Set down exactly, from the records below, the line with "Red Australian Shepherd Mom Kitchen Towel" through the line with "Bottles for Breastfeeding", and nothing else.

Supplied information
━━━━━━
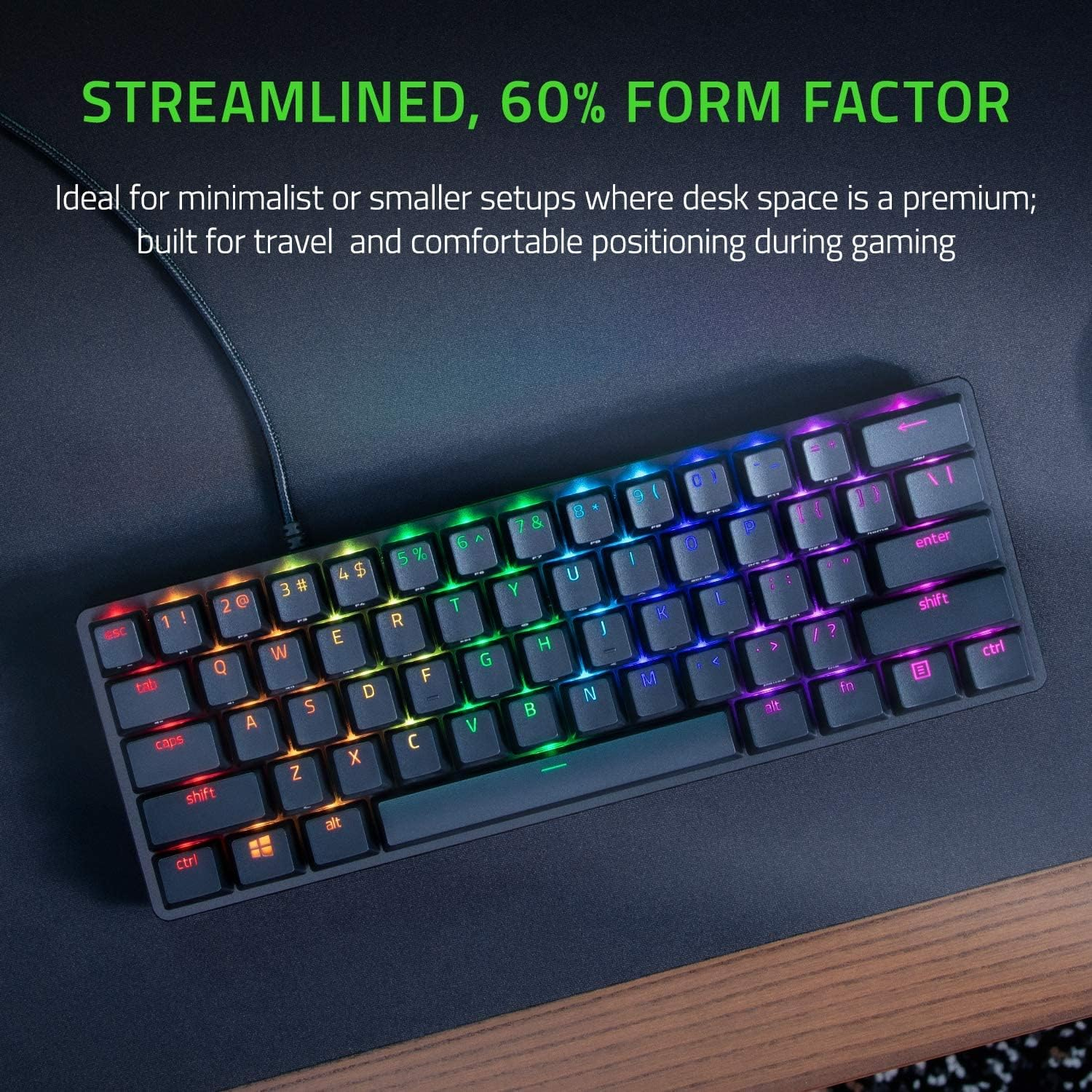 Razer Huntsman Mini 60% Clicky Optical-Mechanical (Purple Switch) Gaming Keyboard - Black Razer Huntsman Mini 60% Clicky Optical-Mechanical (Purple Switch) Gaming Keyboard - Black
━━━━━━
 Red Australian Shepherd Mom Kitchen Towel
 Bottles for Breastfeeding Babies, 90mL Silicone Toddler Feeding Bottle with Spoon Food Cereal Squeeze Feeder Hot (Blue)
━━━━━━
Response below
 Red Australian Shepherd Mom Kitchen Towel
 Bottles for Breastfeeding Babies, 90mL Silicone Toddler Feeding Bottle with Spoon Food Cereal Squeeze Feeder Hot (Blue)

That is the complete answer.